*Exercise requirements*
Of the entries below, restate word for word only the section that runs from the line with "Little Surprise Box, Red" to the line with "Fototapeta A Flowing Waterfall In Norway", counting both ends.

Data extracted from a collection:

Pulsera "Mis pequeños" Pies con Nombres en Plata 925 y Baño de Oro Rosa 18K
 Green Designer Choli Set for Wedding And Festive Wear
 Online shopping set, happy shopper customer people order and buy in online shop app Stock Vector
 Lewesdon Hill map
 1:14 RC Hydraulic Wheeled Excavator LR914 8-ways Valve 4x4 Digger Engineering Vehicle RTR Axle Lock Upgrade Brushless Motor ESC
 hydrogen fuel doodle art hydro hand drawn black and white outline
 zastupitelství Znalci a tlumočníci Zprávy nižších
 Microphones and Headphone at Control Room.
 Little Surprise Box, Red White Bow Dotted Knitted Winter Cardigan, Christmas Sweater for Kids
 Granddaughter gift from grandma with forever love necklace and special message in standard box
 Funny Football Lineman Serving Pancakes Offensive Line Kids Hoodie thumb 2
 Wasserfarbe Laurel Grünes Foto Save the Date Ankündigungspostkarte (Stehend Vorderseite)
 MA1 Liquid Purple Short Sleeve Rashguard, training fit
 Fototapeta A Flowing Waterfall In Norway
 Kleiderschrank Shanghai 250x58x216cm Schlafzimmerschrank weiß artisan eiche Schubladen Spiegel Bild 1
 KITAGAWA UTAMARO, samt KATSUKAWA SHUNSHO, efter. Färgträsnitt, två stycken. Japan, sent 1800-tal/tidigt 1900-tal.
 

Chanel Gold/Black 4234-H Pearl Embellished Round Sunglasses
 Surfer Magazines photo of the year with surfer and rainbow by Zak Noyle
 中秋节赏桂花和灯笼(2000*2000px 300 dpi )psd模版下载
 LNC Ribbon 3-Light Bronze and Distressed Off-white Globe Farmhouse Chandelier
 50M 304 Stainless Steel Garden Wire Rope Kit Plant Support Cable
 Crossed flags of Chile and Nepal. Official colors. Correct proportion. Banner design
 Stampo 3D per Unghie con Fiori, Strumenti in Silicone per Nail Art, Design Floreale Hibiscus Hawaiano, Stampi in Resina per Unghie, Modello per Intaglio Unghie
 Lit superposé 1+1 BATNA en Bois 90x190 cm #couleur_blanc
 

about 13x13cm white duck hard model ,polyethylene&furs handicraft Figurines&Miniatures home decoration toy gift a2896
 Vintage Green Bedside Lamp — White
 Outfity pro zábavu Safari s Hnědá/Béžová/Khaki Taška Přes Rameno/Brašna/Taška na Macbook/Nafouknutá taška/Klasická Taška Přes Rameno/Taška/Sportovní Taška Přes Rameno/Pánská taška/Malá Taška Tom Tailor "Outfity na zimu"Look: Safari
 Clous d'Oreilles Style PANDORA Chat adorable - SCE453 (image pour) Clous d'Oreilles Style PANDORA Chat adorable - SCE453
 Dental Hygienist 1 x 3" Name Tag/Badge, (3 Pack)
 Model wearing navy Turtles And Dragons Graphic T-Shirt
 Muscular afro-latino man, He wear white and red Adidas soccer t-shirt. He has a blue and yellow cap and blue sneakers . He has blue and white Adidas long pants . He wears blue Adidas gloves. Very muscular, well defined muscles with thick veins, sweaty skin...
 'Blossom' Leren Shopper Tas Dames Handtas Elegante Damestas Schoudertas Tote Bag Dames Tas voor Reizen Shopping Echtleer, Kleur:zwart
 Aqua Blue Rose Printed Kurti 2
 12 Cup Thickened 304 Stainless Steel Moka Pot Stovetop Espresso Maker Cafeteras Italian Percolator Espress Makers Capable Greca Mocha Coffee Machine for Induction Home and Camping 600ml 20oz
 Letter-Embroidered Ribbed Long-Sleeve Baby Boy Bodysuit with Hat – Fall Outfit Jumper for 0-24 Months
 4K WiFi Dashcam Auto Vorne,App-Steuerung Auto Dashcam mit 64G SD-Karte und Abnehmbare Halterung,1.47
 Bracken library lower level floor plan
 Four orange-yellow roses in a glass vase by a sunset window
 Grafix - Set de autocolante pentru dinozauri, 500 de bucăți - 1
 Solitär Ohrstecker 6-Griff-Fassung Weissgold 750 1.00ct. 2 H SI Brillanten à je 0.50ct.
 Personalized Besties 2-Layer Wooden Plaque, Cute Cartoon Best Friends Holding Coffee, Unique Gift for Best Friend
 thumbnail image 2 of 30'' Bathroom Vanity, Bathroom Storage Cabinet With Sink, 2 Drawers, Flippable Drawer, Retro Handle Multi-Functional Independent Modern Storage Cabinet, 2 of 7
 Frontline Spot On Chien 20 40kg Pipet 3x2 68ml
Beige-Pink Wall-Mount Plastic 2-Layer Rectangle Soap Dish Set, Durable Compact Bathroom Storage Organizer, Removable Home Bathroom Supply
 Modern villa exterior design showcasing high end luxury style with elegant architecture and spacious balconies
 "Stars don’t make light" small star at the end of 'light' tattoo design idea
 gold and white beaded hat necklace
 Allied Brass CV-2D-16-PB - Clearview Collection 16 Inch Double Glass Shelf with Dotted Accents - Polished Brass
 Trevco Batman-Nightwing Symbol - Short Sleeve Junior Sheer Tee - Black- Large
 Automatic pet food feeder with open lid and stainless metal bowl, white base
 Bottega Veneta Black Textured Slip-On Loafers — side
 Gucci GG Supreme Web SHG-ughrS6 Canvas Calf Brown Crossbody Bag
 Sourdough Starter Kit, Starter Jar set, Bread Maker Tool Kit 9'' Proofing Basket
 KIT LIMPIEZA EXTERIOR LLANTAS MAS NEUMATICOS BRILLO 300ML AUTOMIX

*Output below*
 Little Surprise Box, Red White Bow Dotted Knitted Winter Cardigan, Christmas Sweater for Kids
 Granddaughter gift from grandma with forever love necklace and special message in standard box
 Funny Football Lineman Serving Pancakes Offensive Line Kids Hoodie thumb 2
 Wasserfarbe Laurel Grünes Foto Save the Date Ankündigungspostkarte (Stehend Vorderseite)
 MA1 Liquid Purple Short Sleeve Rashguard, training fit
 Fototapeta A Flowing Waterfall In Norway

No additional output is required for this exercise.